◆ **Task description**:
Would you repeat the entries below exactly and omit the pictures?

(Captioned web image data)
■ ■ ■ ■ ■
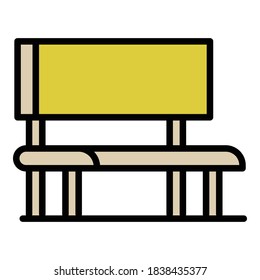 Outdoor advertising bench icon. Outline outdoor advertising bench vector icon for web design isolated on white background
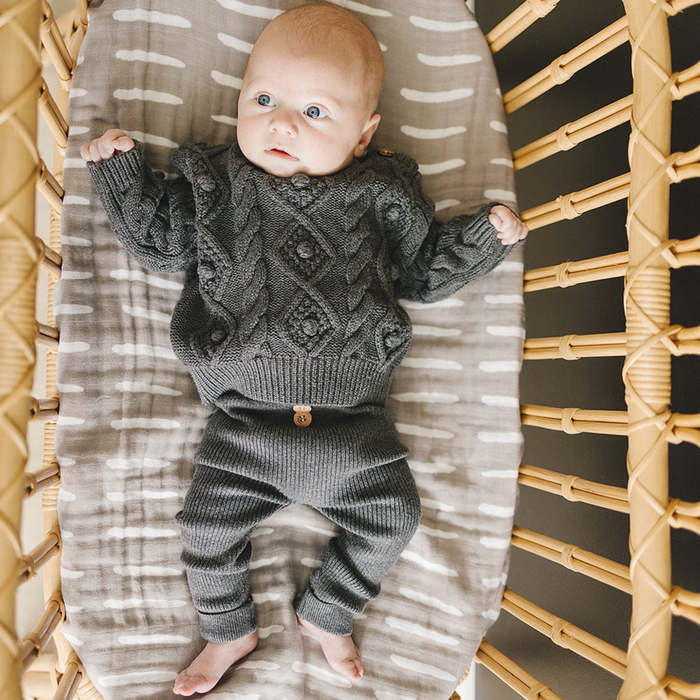 Mebie Baby Cable Knit Sweater | Charcoal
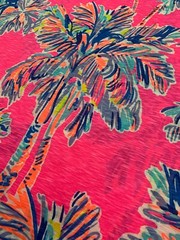 Lilly Pulitzer Fabric Flamingo Pink Nice Stems Cotton – 36″x 60” – 2 Pieces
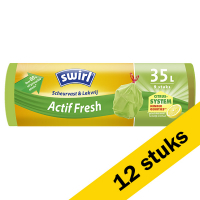 Swirl Aanbieding: 12x Swirl vuilniszakken scheurvast & lekvrij ActifFresh 35 liter (9 stuks)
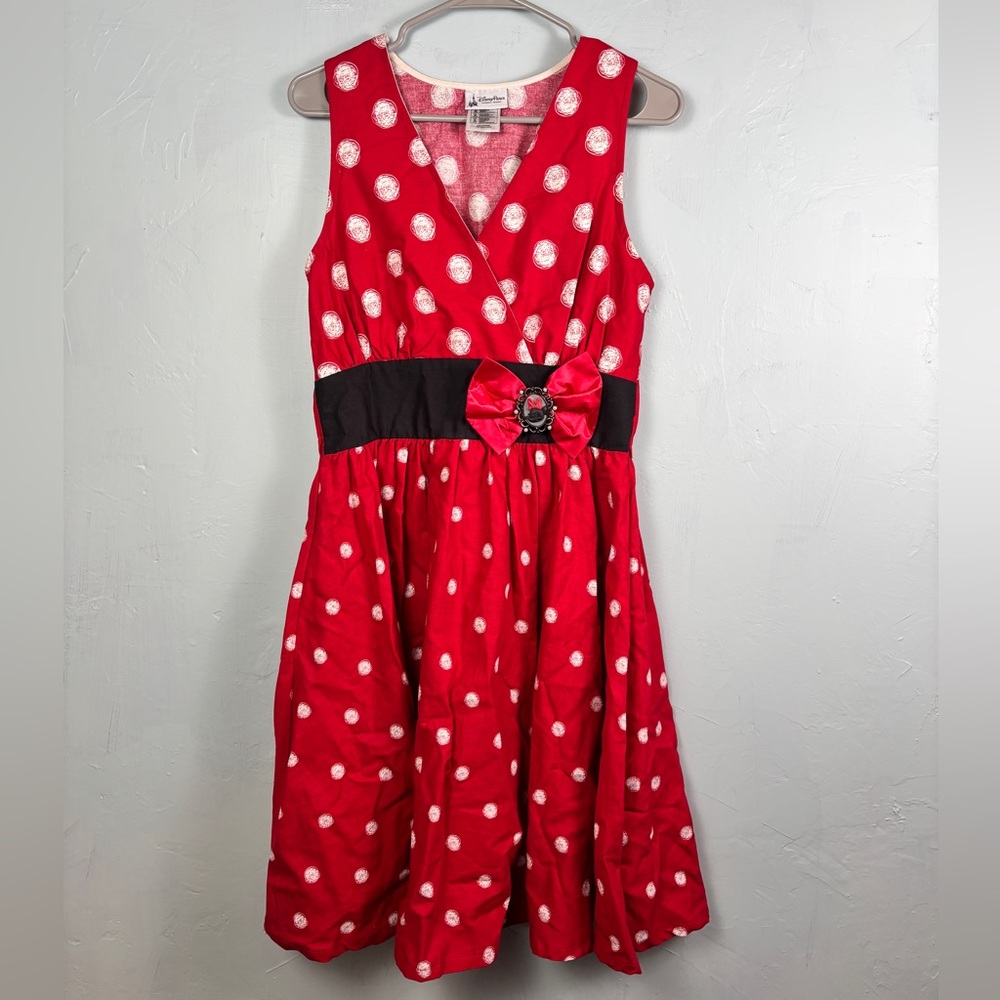 Disney Parks Red and White Polka Dot Minnie Dress with Bow
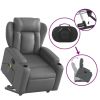 Stand up Massage Recliner Chair Gray Faux Leather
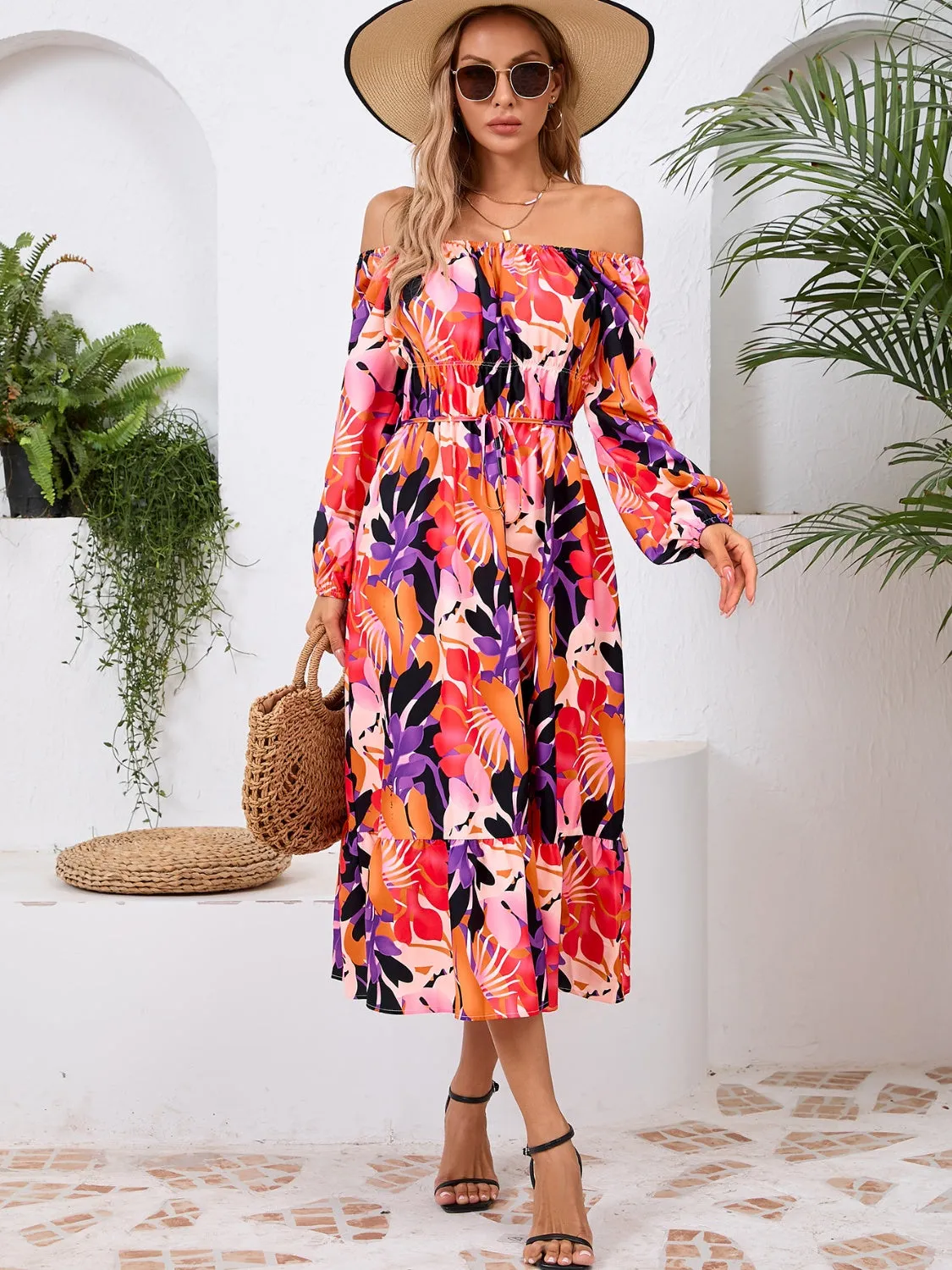 🌼 Printed Long Sleeve Midi Dress 🌼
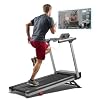 Sunny Health & Fitness Smart Auto Incline One Click Foldable Treadmill, Fully Assembled, 15 Incline Levels, 20″ Wide Shock Absorption Belt, Quiet Brushless Motor, SunnyFit App via Bluetooth Access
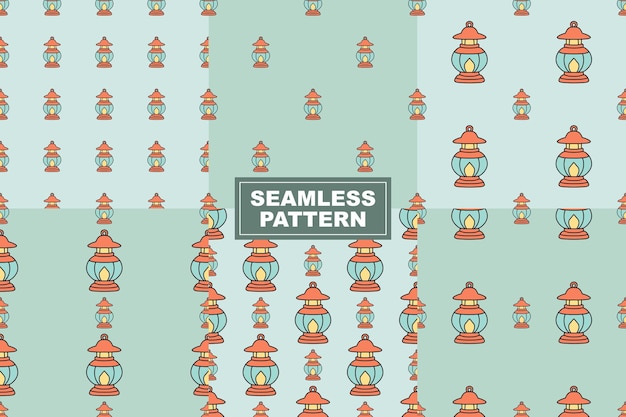 hand drawn lantern pattern seamless background collection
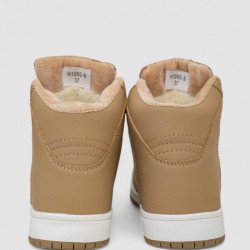 Кросівки жіночі зимові на хутрі, колір бежево-білий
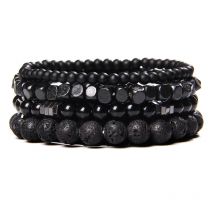 Mode Naturstein Perlen Männer Armband Multilayer Schwarz Lava Onyx Perlen Charme Punk Armband Armreifen Frauen Schmuck Paare Geschenk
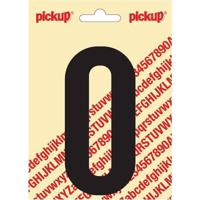 Plakcijfer Nobel 120mm zwart 0 - thumbnail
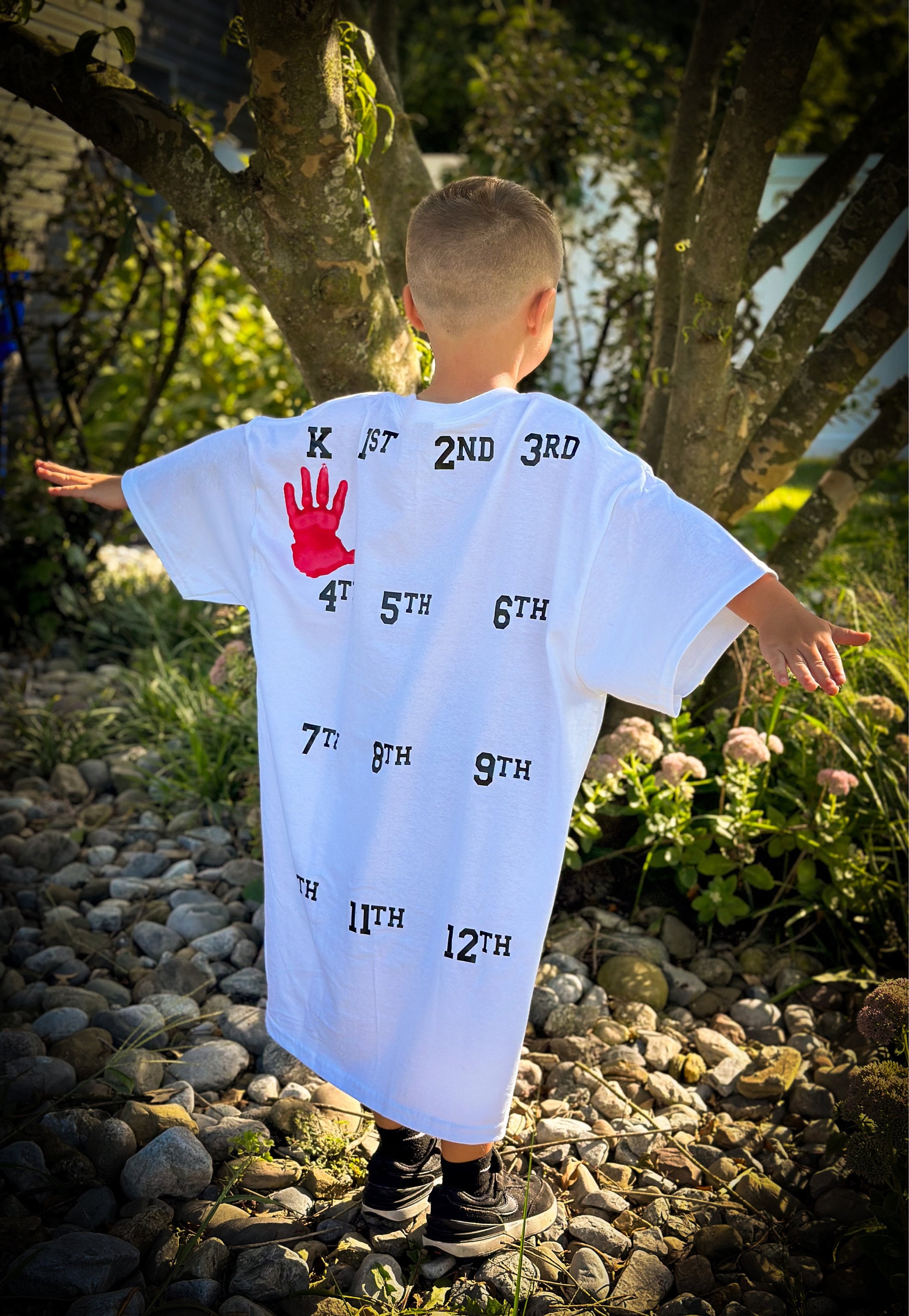 Kids K through 12 handprint shirt / School Shirt / Kindergarten / Pre K gift / Graduation / New School Shirt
■ ■ ■ ■ ■
◆ **Solution**:
 Outdoor advertising bench icon. Outline outdoor advertising bench vector icon for web design isolated on white background
 Mebie Baby Cable Knit Sweater | Charcoal
 Lilly Pulitzer Fabric Flamingo Pink Nice Stems Cotton – 36″x 60” – 2 Pieces
 Swirl Aanbieding: 12x Swirl vuilniszakken scheurvast & lekvrij ActifFresh 35 liter (9 stuks)
 Disney Parks Red and White Polka Dot Minnie Dress with Bow
 Stand up Massage Recliner Chair Gray Faux Leather
 🌼 Printed Long Sleeve Midi Dress 🌼
 Sunny Health & Fitness Smart Auto Incline One Click Foldable Treadmill, Fully Assembled, 15 Incline Levels, 20″ Wide Shock Absorption Belt, Quiet Brushless Motor, SunnyFit App via Bluetooth Access
 hand drawn lantern pattern seamless background collection
 Кросівки жіночі зимові на хутрі, колір бежево-білий
 Mode Naturstein Perlen Männer Armband Multilayer Schwarz Lava Onyx Perlen Charme Punk Armband Armreifen Frauen Schmuck Paare Geschenk
 Plakcijfer Nobel 120mm zwart 0 - thumbnail
 Kids K through 12 handprint shirt / School Shirt / Kindergarten / Pre K gift / Graduation / New School Shirt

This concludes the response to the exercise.